### Task to complete
The answer should be an exact copy of the data.

### Data
Segment Open

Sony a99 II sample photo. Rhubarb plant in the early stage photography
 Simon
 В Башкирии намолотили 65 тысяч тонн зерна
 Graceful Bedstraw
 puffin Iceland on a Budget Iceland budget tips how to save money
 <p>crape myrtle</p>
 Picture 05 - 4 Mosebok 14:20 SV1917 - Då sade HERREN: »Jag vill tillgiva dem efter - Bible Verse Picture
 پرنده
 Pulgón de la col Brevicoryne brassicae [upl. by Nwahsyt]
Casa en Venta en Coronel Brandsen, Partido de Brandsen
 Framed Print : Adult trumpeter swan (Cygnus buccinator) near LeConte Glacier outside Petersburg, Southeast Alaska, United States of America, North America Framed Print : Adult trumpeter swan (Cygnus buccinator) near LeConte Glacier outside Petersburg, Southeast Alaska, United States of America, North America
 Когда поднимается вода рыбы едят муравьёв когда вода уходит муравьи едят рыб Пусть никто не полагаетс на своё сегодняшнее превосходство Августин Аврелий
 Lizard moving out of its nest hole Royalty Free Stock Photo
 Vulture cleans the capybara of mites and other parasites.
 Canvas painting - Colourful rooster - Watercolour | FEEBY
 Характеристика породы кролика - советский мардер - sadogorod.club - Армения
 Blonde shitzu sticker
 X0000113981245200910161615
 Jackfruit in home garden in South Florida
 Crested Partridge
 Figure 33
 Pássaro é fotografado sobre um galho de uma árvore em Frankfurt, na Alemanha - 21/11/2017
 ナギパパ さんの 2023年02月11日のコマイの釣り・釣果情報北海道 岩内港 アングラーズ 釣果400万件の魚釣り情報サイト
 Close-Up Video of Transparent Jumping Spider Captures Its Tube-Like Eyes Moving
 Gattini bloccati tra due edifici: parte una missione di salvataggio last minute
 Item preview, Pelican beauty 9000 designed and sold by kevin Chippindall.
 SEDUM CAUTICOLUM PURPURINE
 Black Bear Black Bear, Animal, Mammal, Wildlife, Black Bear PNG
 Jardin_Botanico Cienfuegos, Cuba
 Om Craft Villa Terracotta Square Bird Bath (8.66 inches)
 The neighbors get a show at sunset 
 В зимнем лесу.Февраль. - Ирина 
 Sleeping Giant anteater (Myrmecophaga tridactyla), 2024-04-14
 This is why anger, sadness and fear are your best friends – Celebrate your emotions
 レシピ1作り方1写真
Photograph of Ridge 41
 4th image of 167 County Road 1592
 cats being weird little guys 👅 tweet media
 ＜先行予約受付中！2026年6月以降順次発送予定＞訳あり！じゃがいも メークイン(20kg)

Segment Closed

### Response below
Sony a99 II sample photo. Rhubarb plant in the early stage photography
 Simon
 В Башкирии намолотили 65 тысяч тонн зерна
 Graceful Bedstraw
 puffin Iceland on a Budget Iceland budget tips how to save money
 <p>crape myrtle</p>
 Picture 05 - 4 Mosebok 14:20 SV1917 - Då sade HERREN: »Jag vill tillgiva dem efter - Bible Verse Picture
 پرنده
 Pulgón de la col Brevicoryne brassicae [upl. by Nwahsyt]
Casa en Venta en Coronel Brandsen, Partido de Brandsen
 Framed Print : Adult trumpeter swan (Cygnus buccinator) near LeConte Glacier outside Petersburg, Southeast Alaska, United States of America, North America Framed Print : Adult trumpeter swan (Cygnus buccinator) near LeConte Glacier outside Petersburg, Southeast Alaska, United States of America, North America
 Когда поднимается вода рыбы едят муравьёв когда вода уходит муравьи едят рыб Пусть никто не полагаетс на своё сегодняшнее превосходство Августин Аврелий
 Lizard moving out of its nest hole Royalty Free Stock Photo
 Vulture cleans the capybara of mites and other parasites.
 Canvas painting - Colourful rooster - Watercolour | FEEBY
 Характеристика породы кролика - советский мардер - sadogorod.club - Армения
 Blonde shitzu sticker
 X0000113981245200910161615
 Jackfruit in home garden in South Florida
 Crested Partridge
 Figure 33
 Pássaro é fotografado sobre um galho de uma árvore em Frankfurt, na Alemanha - 21/11/2017
 ナギパパ さんの 2023年02月11日のコマイの釣り・釣果情報北海道 岩内港 アングラーズ 釣果400万件の魚釣り情報サイト
 Close-Up Video of Transparent Jumping Spider Captures Its Tube-Like Eyes Moving
 Gattini bloccati tra due edifici: parte una missione di salvataggio last minute
 Item preview, Pelican beauty 9000 designed and sold by kevin Chippindall.
 SEDUM CAUTICOLUM PURPURINE
 Black Bear Black Bear, Animal, Mammal, Wildlife, Black Bear PNG
 Jardin_Botanico Cienfuegos, Cuba
 Om Craft Villa Terracotta Square Bird Bath (8.66 inches)
 The neighbors get a show at sunset 
 В зимнем лесу.Февраль. - Ирина 
 Sleeping Giant anteater (Myrmecophaga tridactyla), 2024-04-14
 This is why anger, sadness and fear are your best friends – Celebrate your emotions
 レシピ1作り方1写真
Photograph of Ridge 41
 4th image of 167 County Road 1592
 cats being weird little guys 👅 tweet media
 ＜先行予約受付中！2026年6月以降順次発送予定＞訳あり！じゃがいも メークイン(20kg)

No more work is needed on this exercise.